My venture into the world of traditional animation.

I’ve been wanting to introduce traditional animation into my workflow for years but the learning curve is so steep it put me off. Having said that, my greatest skill is drawing so this approach would allow me to actually utilise it.


A few weeks ago, I started the fantastic course by MoGraph Mentor titled Classical Animation Workflows and Techniques by the legendary Henrique Barone. It definitely isn’t for the faint hearted but I’m so glad I took the plunge. It’s early days but so far it’s been immensely liberating to free myself of plugins and scripts just to animate. Instead of focusing on the software side of things, I just draw. If I get an idea in my head, I just draw it. There’s no need to create all the assets in Illustrator or Photoshop, I just draw.

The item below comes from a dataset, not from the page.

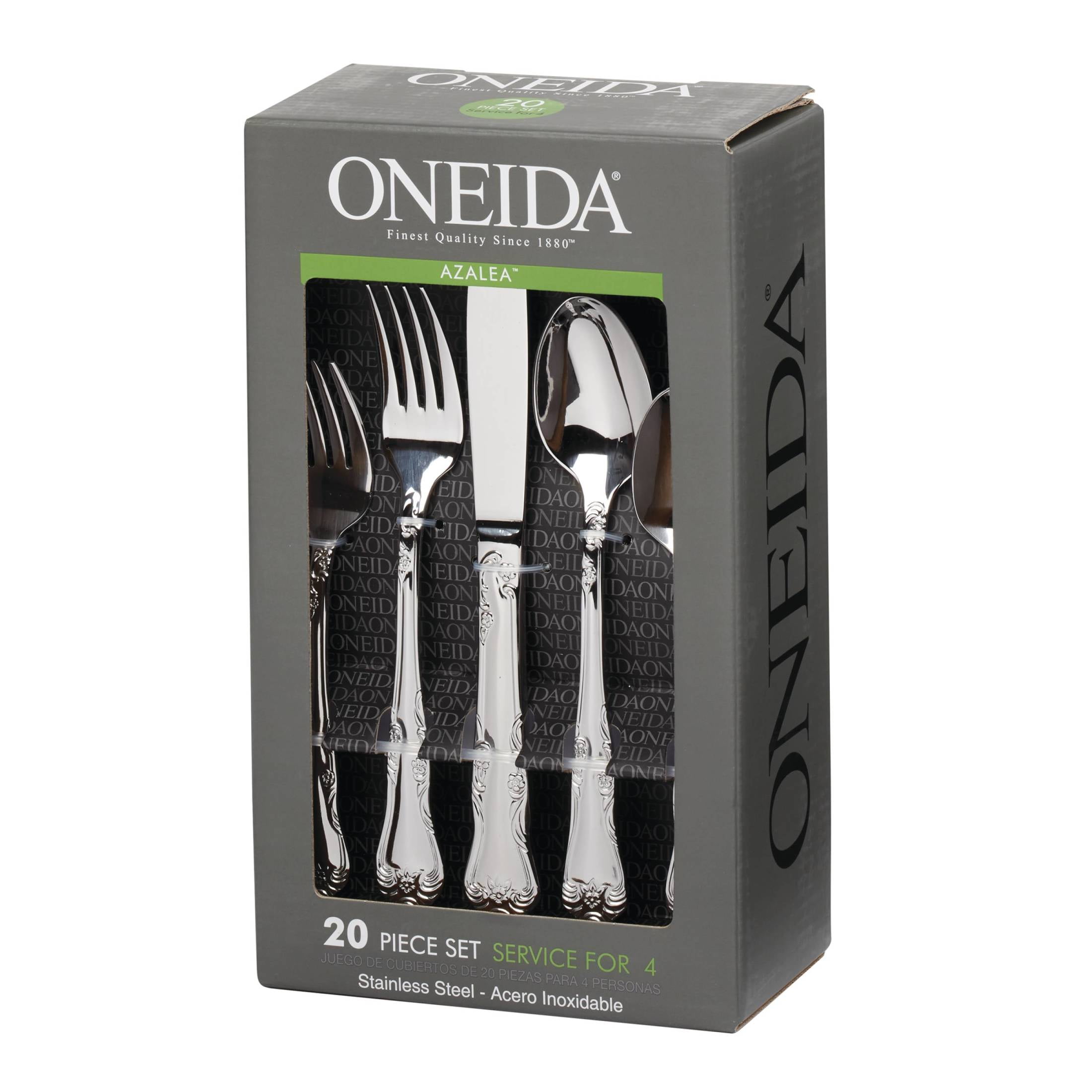 Oneida Azalea 20-Piece Mirror 18/0 Stainless Steel Flatware Set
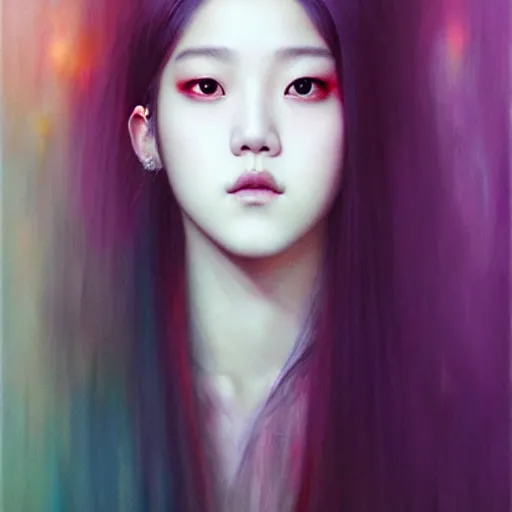 Image similar to jisoo of blackpink, hyperrealistic portrait, by karol bak and agnes cecile, fantasy art, photo realistic, dynamic lighting, artstation, poster, volumetric lighting, very detailed face, intricate complexity, rule of thirds, 8 k, award winning, trending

One of the ultimate goals is to introduce this into my character animation pipeline. I’m a long way off from doing that but being able to freely animate characters will be a huge boon for my work. Don’t get me wrong, DUIK, Limber and Rubberhose are all great but sometimes you’re just pushing After Effects in a direction it was never intended for. Anyone that has had the “pleasure” of animating characters in a 4K comp in DUIK will get what I mean. At the end of the day, your characters are locked into a rig and are only capable of simple movements. If you want your character joints to change perspective (imagine their arm goes from the side to reaching out towards you) DUIK just can’t achieve. Limber can but there are some huge caveats involved. Just watching the looseness involved when Henrique animates a character is mesmerising.

Above is my first completed piece. In the grand scheme of things, it’s simple but learning the process wasn’t. Above you can see the first rough, where the timing is so linear and dull, then I refined the movement. Once I was happy with that, I created a clean up pass before finally adding colour. I could definitely create something like that in After Effects but it just wouldn’t look as visually engaging. Yes it’s not buttery smooth as I animated on twos but I believe that’s a trade off worth making.

Only time will tell how this will fit into my workflow. The epic extension for After Effects, Photoshop and Animate, Timelord, really is a game changer and has already proven to speed up this technique by ensuring all the buttons in all 3 applications are consistent. I’ll keep posting my progress, and fingers crossed, soon I’ll be able to use it in a huge project I’m working on.